## WHAT IS REQUIRED
Give back exactly the stretch of data below from the line holding "Muslim Exquisite High" through the line holding "Miami Aluminum Corner", both ends included, and leave the remaining lines out.

Content starts

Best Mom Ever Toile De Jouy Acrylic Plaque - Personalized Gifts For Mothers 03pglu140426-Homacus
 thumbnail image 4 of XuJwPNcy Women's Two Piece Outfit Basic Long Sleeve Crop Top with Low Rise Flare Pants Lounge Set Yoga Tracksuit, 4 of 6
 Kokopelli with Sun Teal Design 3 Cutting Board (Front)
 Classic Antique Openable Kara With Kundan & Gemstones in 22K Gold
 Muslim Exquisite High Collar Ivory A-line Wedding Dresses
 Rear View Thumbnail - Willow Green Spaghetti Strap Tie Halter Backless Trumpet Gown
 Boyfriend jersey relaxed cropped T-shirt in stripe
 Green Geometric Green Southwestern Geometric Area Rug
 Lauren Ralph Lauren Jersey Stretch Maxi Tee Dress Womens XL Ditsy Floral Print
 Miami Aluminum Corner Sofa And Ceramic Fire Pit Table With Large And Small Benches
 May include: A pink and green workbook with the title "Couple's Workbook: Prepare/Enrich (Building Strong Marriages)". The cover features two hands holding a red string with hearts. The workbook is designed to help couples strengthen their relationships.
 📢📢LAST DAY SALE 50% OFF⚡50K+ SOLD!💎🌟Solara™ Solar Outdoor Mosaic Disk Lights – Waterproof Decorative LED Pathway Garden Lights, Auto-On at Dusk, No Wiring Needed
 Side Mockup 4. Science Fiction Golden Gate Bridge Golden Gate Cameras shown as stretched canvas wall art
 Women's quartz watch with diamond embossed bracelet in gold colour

Content ends

## SOLUTION FOR THIS EXERCISE
 Muslim Exquisite High Collar Ivory A-line Wedding Dresses
 Rear View Thumbnail - Willow Green Spaghetti Strap Tie Halter Backless Trumpet Gown
 Boyfriend jersey relaxed cropped T-shirt in stripe
 Green Geometric Green Southwestern Geometric Area Rug
 Lauren Ralph Lauren Jersey Stretch Maxi Tee Dress Womens XL Ditsy Floral Print
 Miami Aluminum Corner Sofa And Ceramic Fire Pit Table With Large And Small Benches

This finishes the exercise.